1.) Preventive: Covers things like your pet’s annual visit, vaccines, and sometimes dental cleaning as well. There are plans that also help pay for flea prevention meds. Preventive insurance does not cover services when your pet is feeling under the weather.

2.) Accident: Covers services if your pet has a health problem related to an accident, such as broken bones or if your pet swallows something she isn’t supposed to.

3.) Illness: Covers services if your pet has any other health problem that is not due to an accident. This can include things like testing for and treating parasites, diabetes care, and cancer care.

How much will insurance cost me?

Just like your health insurance plan, pet insurance comes with a monthly premium (i.e., monthly charge) that varies depending on the level of coverage you select (i.e., you can “add on” different services that you would like to be covered by insurance) and your annual deductible (i.e., how much money you must pay yourself before insurance coverage kicks in). These plans can also come with a yearly maximum, meaning that the plan will not pay beyond a certain dollar amount per year. Here is a website comparing several sample policies to give you an idea of how much you might spend on a monthly premium.

The price for dogs is higher than the price for cats, and other information including your animal’s breed, age, and health history will also factor in.

This pet insurance rate comparison tool gives estimates on your monthly premium as offered by various pet insurance companies. For this writer’s four-year-old male cat with no chronic illness, the monthly premium ranged from $10/month to $50/month.

Will pet insurance help me save money on my pet’s healthcare?

The answer is: it depends.

At some point, all of us—including our beloved animal companions—will get sick and need a visit to the hospital. Anyone who has ever gone to the emergency vet knows that a sick visit can quickly rack up a bill of thousands of dollars! When faced with large bills like this, some pet owners must make the difficult decision of emptying their savings or forgoing treatment and, as a worst-case scenario, choosing to euthanize if their pet’s condition is too severe to go untreated. Pet insurance can help alleviate the financial burden in these (hopefully) rare situations and give your pet the best chance at a long, happy life. It could potentially help you save money in the long term as well, depending on how large the bill is.

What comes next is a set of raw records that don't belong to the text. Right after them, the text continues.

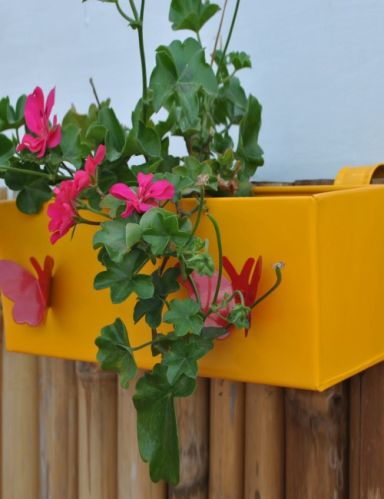 RAILING SQUARE BOX PLANTER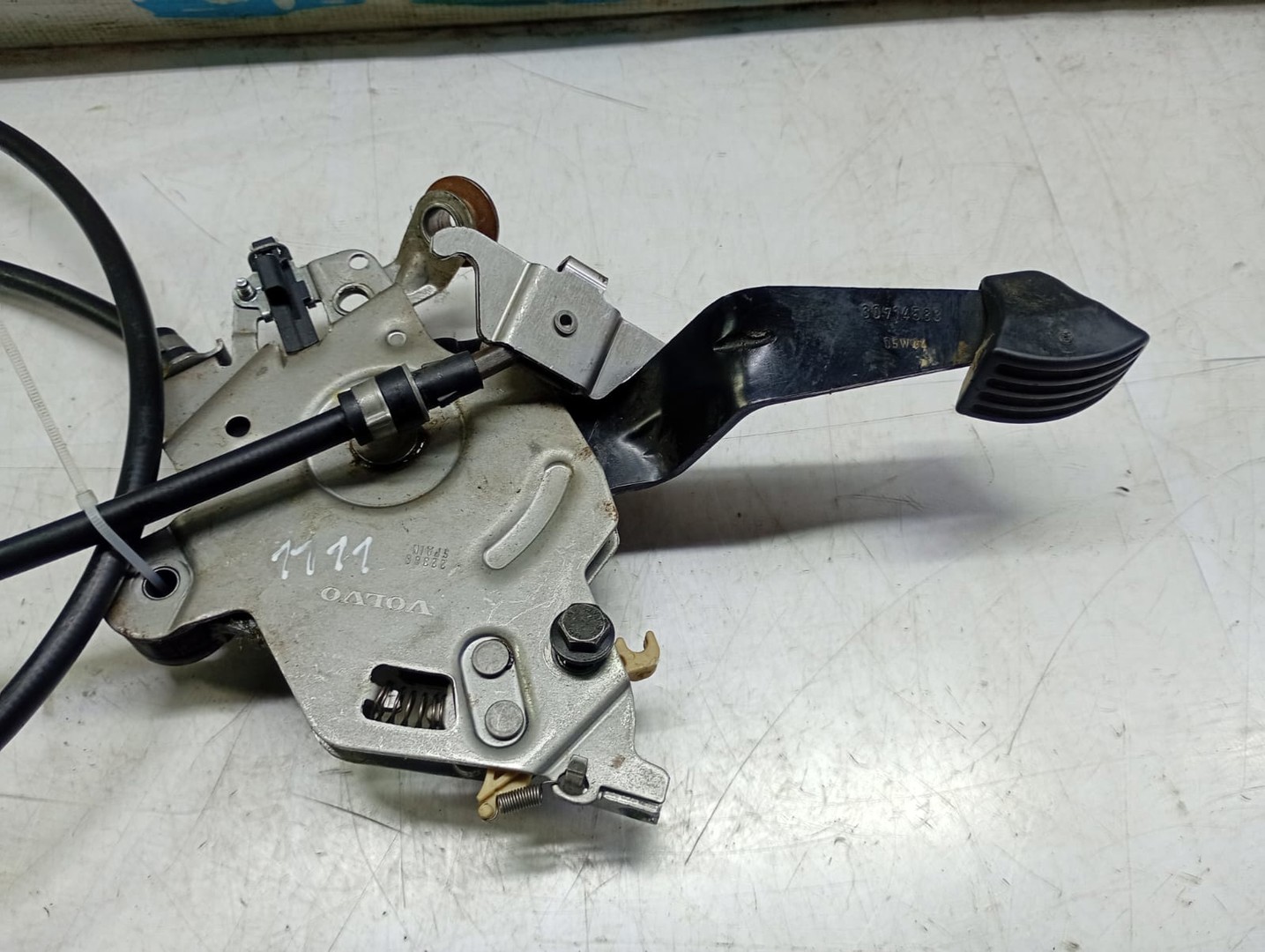Pedala frana de mana 30714583 Volvo XC90 1 (2002 - 2006)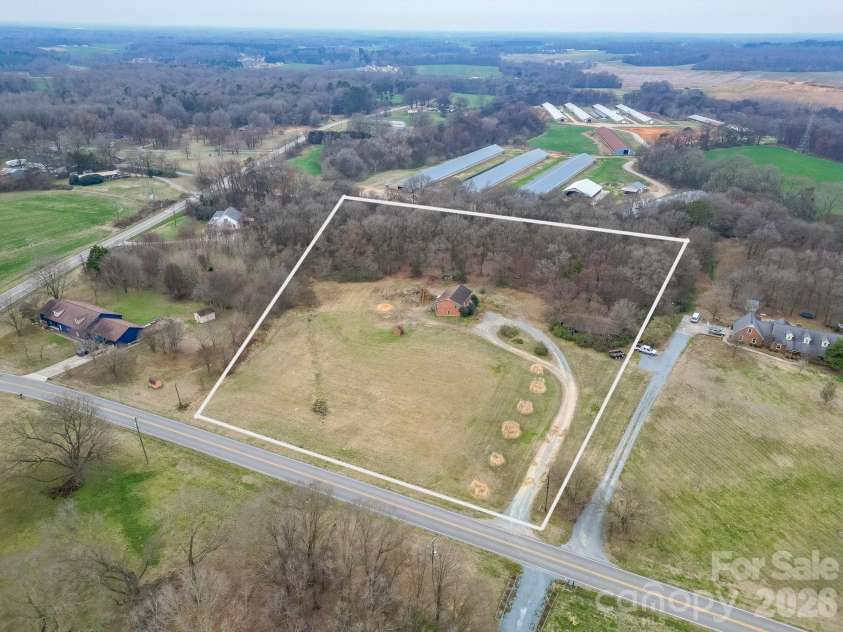 3211 Old Camden Road, Monroe, NC 28110.  MLS# CAR4352269, YatesRealty ID 5853.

If you’re fortunate enough to have significant savings set aside to cover a big vet bill out of pocket, buying pet insurance may not be as helpful. Some vets also offer payment plans, meaning you can pay off your bill in multiple payments rather than all at once. Alternatively, you could opt for a pet insurance plan with a high deductible, which would mean a lower monthly premium and a backup plan in case your pet has a major illness or accident.

Finally, other things to consider include factors pertaining to your pet’s health risks. Do you and your dog like visiting the dog park? If so, your dog is at increased risk of injury from other animals and may also be at increased risk of contracting parasites. Or, perhaps you own a breed that has known predispositions to certain chronic illnesses (such as hip dysplasia), in which case it makes sense to get pet insurance now while your pet is healthy. Who knows, you could be in for a big vet bill down the line!

What isn’t covered by insurance?

An important thing to know is that pet insurance plans DO NOT cover health services related to pre-existing health conditions. A pre-existing condition is a health problem that exists, well, before you apply for insurance. For example, if your cat has diabetes before you enroll her in an illness insurance plan, the plan will not pay for any of her diabetes-related care; it will only pay for new health problems that arise after the plan begins. You will still be 100% responsible for purchasing her insulin, bloodwork, and vet visits related to diabetes, and it will not count toward your deductible.

The bottom line is: if your pet already has a chronic illness, buying an insurance plan now will not be as helpful in reducing your pet care costs.

Ultimately, when comparing insurance plans, be sure to read the fine print to know what will or won’t be covered by your plan.